**Data supplied:**

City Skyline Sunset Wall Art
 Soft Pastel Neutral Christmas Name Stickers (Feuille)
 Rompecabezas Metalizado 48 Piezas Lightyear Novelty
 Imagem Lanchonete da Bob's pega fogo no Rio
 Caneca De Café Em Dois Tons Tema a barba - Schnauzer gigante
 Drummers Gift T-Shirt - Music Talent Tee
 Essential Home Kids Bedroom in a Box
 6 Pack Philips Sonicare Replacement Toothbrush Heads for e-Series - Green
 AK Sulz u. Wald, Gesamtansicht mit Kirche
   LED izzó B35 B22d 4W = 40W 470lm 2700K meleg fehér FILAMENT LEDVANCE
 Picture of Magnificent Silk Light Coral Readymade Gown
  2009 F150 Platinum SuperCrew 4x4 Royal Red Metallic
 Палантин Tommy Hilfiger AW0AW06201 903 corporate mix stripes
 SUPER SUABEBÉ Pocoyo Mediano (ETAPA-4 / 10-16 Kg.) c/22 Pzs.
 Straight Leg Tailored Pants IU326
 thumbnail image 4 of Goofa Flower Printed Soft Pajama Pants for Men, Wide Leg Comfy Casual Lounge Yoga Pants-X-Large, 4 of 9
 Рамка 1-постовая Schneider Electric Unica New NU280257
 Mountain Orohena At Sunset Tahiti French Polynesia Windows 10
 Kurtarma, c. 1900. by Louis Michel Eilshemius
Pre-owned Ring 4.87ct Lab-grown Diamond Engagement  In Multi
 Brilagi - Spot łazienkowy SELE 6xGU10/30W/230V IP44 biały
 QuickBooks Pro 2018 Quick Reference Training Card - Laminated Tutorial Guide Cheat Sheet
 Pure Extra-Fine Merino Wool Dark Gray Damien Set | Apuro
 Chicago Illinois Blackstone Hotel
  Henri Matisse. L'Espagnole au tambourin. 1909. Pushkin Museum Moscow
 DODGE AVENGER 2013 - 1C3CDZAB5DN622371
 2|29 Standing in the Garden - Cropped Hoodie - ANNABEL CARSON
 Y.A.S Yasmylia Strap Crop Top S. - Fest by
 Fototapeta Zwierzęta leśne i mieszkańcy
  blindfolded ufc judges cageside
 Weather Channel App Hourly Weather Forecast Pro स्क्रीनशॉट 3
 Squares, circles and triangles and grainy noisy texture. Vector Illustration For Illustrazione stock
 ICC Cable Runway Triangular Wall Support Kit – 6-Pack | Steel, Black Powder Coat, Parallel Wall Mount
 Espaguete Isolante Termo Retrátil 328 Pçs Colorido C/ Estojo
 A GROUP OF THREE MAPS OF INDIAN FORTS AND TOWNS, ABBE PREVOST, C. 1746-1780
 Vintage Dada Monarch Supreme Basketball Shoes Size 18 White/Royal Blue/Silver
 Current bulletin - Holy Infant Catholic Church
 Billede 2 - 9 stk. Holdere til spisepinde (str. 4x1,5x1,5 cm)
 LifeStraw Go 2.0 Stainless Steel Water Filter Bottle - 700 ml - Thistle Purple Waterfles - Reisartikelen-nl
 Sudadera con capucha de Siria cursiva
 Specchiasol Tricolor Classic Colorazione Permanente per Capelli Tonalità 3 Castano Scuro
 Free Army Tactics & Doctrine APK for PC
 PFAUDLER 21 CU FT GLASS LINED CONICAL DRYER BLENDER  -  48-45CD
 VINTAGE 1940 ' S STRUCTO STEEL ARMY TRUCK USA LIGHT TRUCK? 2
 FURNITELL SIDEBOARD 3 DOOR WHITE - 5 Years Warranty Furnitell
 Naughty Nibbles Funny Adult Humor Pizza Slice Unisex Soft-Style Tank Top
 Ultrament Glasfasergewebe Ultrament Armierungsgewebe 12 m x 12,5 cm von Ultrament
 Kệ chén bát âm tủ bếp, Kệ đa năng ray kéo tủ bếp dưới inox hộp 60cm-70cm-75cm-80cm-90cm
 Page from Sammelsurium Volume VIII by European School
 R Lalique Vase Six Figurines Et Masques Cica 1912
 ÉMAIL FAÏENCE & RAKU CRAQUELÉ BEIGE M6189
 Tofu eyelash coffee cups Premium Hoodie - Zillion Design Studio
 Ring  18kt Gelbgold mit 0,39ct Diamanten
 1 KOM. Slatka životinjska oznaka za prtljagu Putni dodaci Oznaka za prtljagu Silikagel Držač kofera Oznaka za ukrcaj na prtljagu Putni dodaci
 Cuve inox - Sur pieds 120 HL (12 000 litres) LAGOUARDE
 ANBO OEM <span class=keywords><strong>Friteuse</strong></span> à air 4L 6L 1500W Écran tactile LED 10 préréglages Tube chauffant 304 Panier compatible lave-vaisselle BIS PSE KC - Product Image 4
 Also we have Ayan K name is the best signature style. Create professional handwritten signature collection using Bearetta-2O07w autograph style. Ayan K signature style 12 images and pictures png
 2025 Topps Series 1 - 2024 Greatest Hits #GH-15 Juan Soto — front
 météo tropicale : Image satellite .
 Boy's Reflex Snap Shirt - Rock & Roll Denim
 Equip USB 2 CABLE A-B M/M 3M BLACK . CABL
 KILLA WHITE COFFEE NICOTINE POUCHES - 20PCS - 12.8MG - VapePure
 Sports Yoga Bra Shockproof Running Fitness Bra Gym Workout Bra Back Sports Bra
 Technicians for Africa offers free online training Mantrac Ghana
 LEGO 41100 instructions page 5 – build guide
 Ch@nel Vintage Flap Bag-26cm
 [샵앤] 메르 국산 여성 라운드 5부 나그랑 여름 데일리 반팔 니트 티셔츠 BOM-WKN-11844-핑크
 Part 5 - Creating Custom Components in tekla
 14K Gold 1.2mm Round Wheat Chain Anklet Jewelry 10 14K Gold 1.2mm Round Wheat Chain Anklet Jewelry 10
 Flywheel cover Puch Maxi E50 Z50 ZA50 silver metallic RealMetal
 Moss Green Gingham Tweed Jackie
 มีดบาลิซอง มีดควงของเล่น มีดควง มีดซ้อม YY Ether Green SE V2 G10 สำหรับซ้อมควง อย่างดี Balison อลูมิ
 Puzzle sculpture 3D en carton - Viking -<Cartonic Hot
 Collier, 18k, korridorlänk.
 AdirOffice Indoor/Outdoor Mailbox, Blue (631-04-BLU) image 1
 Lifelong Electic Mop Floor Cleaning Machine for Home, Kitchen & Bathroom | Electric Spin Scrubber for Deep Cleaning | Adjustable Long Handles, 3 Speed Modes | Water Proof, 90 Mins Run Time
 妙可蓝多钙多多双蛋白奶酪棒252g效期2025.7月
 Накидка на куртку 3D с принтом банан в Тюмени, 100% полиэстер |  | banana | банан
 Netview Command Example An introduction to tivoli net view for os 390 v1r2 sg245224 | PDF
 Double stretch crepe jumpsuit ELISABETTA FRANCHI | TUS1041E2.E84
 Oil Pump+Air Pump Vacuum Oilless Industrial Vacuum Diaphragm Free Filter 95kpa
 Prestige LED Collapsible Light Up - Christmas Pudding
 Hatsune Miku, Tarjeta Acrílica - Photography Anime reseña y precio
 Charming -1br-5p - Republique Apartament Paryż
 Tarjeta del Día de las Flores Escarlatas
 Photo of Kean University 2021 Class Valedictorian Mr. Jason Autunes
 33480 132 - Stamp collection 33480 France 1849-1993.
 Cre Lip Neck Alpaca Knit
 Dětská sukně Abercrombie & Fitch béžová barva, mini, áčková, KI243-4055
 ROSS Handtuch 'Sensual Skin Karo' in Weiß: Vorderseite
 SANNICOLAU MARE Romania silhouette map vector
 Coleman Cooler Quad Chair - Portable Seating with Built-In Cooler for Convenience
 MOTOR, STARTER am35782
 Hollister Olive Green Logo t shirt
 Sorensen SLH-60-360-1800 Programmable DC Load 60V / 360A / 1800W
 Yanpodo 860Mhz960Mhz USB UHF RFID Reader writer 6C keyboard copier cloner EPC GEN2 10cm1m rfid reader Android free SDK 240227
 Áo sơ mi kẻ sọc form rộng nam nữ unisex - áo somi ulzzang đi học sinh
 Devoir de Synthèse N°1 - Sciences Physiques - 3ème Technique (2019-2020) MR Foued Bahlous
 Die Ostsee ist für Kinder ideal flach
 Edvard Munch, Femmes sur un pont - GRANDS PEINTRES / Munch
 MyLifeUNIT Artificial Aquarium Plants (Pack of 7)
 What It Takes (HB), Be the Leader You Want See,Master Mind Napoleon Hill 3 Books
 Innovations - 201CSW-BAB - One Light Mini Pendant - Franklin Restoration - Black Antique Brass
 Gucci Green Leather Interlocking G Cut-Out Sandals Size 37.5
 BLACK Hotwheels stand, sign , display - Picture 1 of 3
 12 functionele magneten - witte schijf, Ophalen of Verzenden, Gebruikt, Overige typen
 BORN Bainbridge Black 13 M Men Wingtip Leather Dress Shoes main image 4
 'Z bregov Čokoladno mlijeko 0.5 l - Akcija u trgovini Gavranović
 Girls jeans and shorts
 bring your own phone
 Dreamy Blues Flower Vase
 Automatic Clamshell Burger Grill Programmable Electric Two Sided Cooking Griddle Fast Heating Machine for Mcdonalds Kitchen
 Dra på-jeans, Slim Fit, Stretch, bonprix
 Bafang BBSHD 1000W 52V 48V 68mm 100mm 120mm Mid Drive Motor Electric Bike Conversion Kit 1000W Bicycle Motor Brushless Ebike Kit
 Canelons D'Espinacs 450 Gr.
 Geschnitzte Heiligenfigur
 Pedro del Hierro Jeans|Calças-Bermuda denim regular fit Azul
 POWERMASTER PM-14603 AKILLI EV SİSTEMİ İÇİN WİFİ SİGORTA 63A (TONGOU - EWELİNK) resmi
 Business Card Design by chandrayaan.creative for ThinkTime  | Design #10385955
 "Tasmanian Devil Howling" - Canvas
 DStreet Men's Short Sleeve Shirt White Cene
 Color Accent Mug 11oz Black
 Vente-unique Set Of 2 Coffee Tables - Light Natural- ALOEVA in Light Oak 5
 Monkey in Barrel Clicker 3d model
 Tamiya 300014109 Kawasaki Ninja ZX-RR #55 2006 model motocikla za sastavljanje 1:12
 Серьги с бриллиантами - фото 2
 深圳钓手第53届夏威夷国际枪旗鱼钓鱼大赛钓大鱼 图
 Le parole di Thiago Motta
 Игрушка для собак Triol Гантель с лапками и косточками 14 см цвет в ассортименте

**Work task:**
From the records above, give again exactly the lines running from the line with "QuickBooks Pro 2018" to the line with "A GROUP OF THREE", inclusive.

**Task output:**
 QuickBooks Pro 2018 Quick Reference Training Card - Laminated Tutorial Guide Cheat Sheet
 Pure Extra-Fine Merino Wool Dark Gray Damien Set | Apuro
 Chicago Illinois Blackstone Hotel
  Henri Matisse. L'Espagnole au tambourin. 1909. Pushkin Museum Moscow
 DODGE AVENGER 2013 - 1C3CDZAB5DN622371
 2|29 Standing in the Garden - Cropped Hoodie - ANNABEL CARSON
 Y.A.S Yasmylia Strap Crop Top S. - Fest by
 Fototapeta Zwierzęta leśne i mieszkańcy
  blindfolded ufc judges cageside
 Weather Channel App Hourly Weather Forecast Pro स्क्रीनशॉट 3
 Squares, circles and triangles and grainy noisy texture. Vector Illustration For Illustrazione stock
 ICC Cable Runway Triangular Wall Support Kit – 6-Pack | Steel, Black Powder Coat, Parallel Wall Mount
 Espaguete Isolante Termo Retrátil 328 Pçs Colorido C/ Estojo
 A GROUP OF THREE MAPS OF INDIAN FORTS AND TOWNS, ABBE PREVOST, C. 1746-1780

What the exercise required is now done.